For a device with such high potential, it really did not deliver on the
promise.

Here's what I expected: 1) AirPlay alternative via Google Chrome/Chromecast.
2) Reasonable picture quality and fit. 3) Possibly an office alternative to
Apple TV for presentations.

While yes, this thing can project your browser tab on to the TV, there is
severe lag, washed-out colors, and most importantly I have not been able to
play HTML5 videos in full-screen mode. Could be user error...

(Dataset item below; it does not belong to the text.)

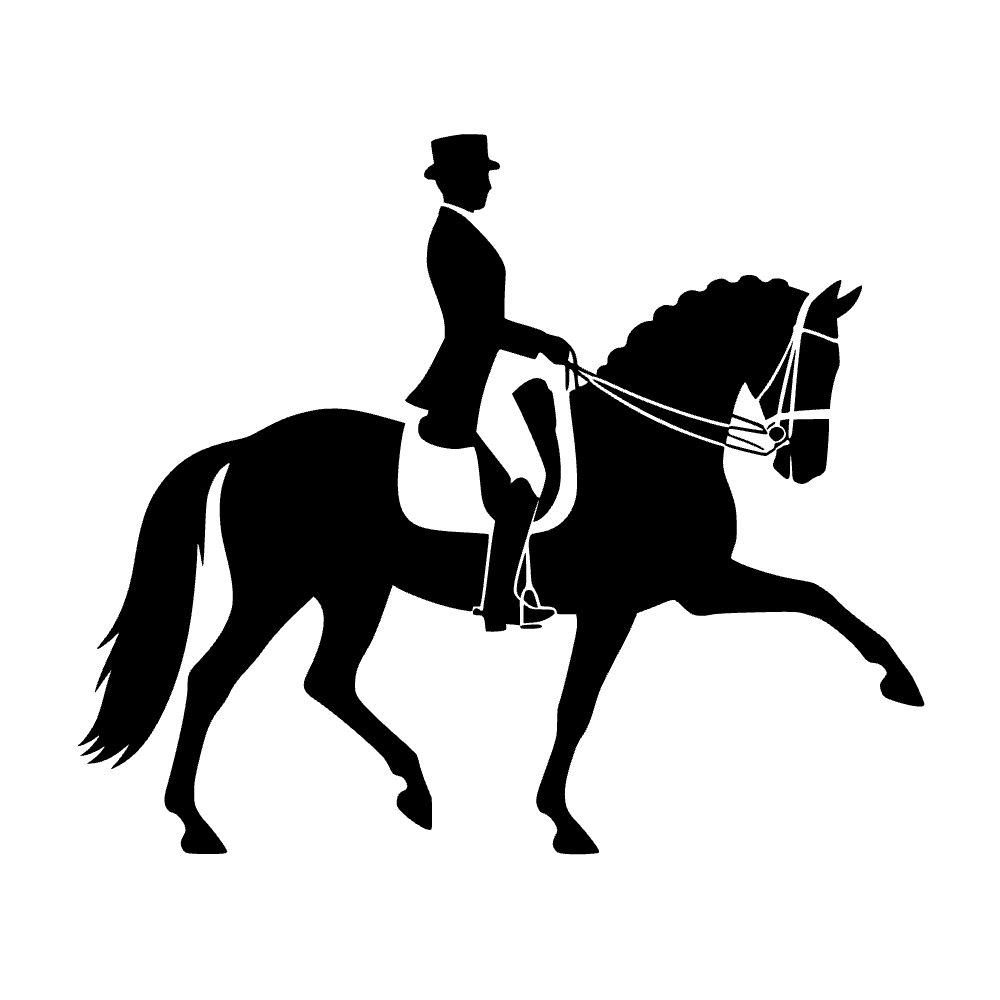 Jinete de doma ecuestre — archivo SVG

Amazon Prime Instant Videos do not play in full-screen mode either. But then
again, I didn't really expect SilverLight to work with Google's products all
that well.

Picture quality is terrible. I only tried it on a 720p TV, as tab mirroring
reportedly only supports 720p. Colors are washed out and lighting is off. Not
a big deal, but I also did not get 720p all the time, connection seemed to
fade in and out. This is on a completely not busy N router and nothing else
streaming.

What really got me though was spotty support in YouTube and Drive
Presentations going off-screen. YouTube has a nice library of international
films. I really like watching old Soviet movies from my childhood. They are
free to watch and I was stunned when Chromecast reported that the videos I was
trying to watch are not supported, even though there is a chromecast icon in
the player itself.

Lastly, Google Presentations ended up being cut off when projected in
fullscreen (yes here it's fully supported, but not on all videos... go
figure.). This last bit basically killed my hypothesis that we could get these
for ever conference room and project from both Macs and PCs. I was really
hoping this would work...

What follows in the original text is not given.